Dalam ketentuan pasal ini jelas sudah, bahwa seseorang berhak untuk ditangguhkan penahanan. Penahanan itu sendiri dapat ditangguhkan dengan memberikan jaminan. Jaminan yang dimaksud dapat berupa jaminan sejumlah uang atau pun dengan jaminan orang.
Sebagaimana yang dimaksud dalam pertanyaan ibu Reni, apakah jaminan uang yang diminta oleh Polisi sah atau tidak? Jika mengacu pada ketentuan Pasal 31 ayat (1) KUHAP tersebut, maka hal itu sah, karena telah diatur dengan jelas di dalam peraturan perundang-undangan. Namun perlu diingat bahwa jaminan uang tidak diserahkan kepada Polisi. Dalam ketentuan Pasal 35 ayat (1) Peraturan Pemerintah Nomor 27 Tahun 1983 tentang Pelaksanaan Kitab Undang-undang Hukum Acara Pidana, dijelaskan sebagai berikut:
“Uang jaminan penangguhan penahanan yang ditetapkan oleh pejabat yang berwenang sesuai dengan tingkat pemeriksaan, disimpan di kepaniteraan pengadilan negeri.”
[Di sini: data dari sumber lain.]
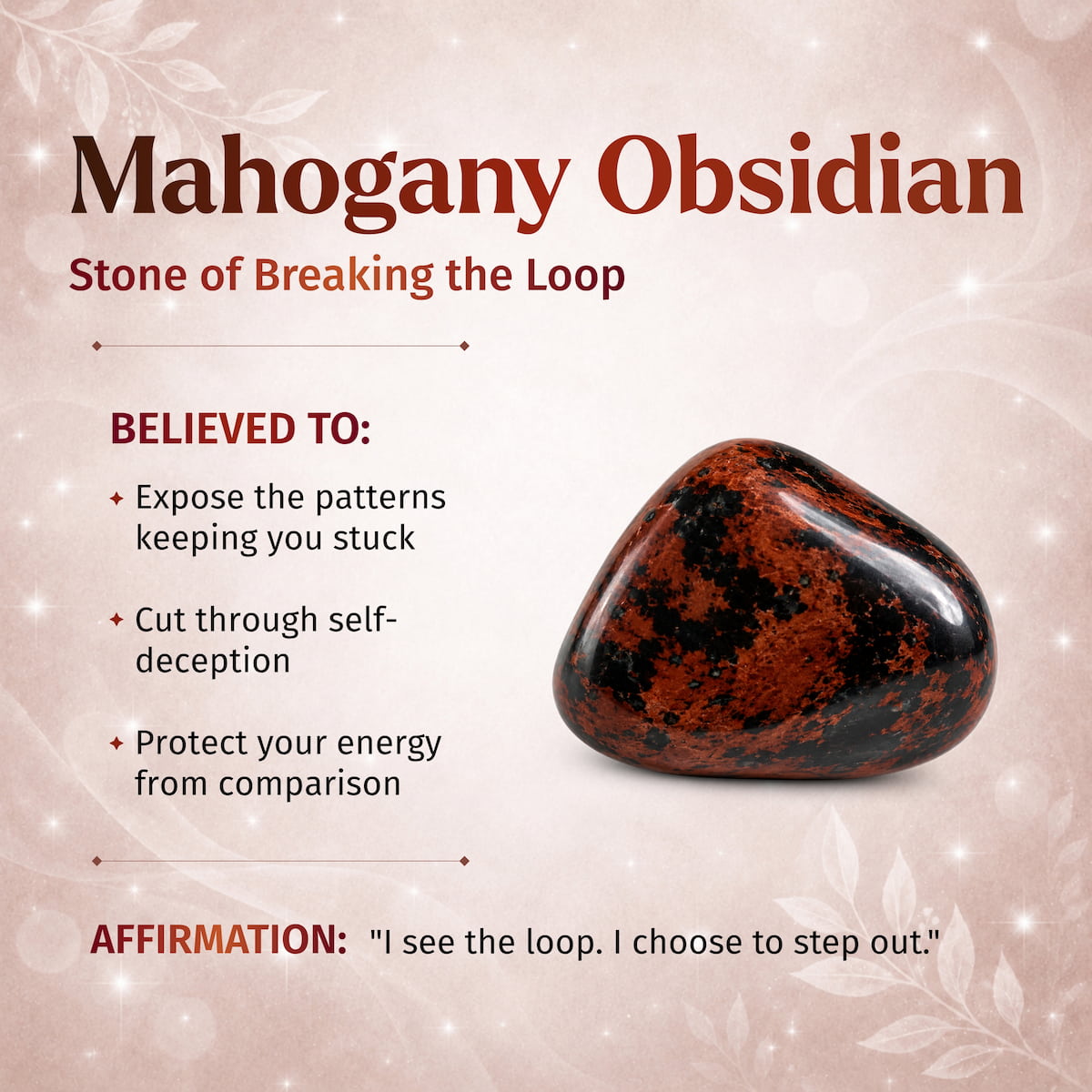 Mahogany Obsidian bracelet from Conscious Items featuring polished beads, designed to promote self-awareness and emotional healing.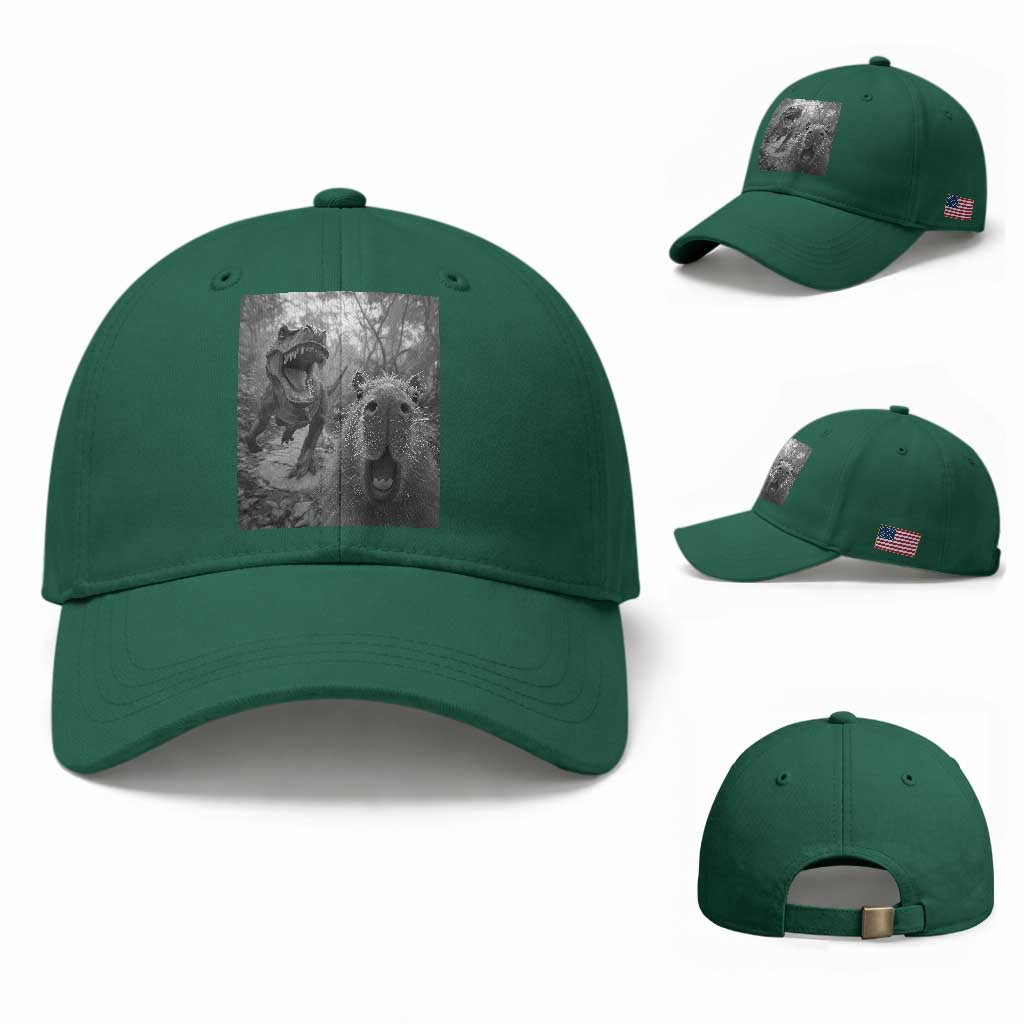 Funny Capybara Selfie With Dinosaur Meme Baseball Cap Animal Humor Gift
Menurut Surat Keputusan kapolri No. Pol. : Skep / 1205 / IX / 2000, tanggal 11 September 2000 tentang Revisi Himpunan Juklak dan Juknis Proses Penyidikan Tindak Pidana, Penangguhan Penahanan yang dilakukan atas Jaminan Uang diadakan dengan ketentuan:
· Dibuat perjanjian antara Penyidik dengan Tersangka atau Penasehat Hukumnya dengan menentukan syarat-syaratnya
· Jumlah uang jaminan harus secara jelas disebutkan dalam perjanjian yang besarnya ditetapkan oleh penyidik
· Uang jaminan disetorkan sendiri oleh pemohon atau penasehat hukumnya atau keluarganya ke Panitera Pengadilan Negeri dengan Formulir penyetoran yang dikeluarkan oleh Penyidik
· Bukti setoran dibuat rangkap 3, selembar untuk arsip panitera, selembar dibawa oleh yang menyetorkan, selembar lagi dikirim oleh panitera untuk penyidik
· Berdasarkan tanda bukti penyetoran uang tersebut, maka penyidik kemudian mengeluarkan Surat Perintah Penangguhan Penahanan
Demikian proses penangguhan penahanan dengan Jaminan uang yang dapat saya jelaskan, kiranya dapat memberi pencerahan. Terimakasih.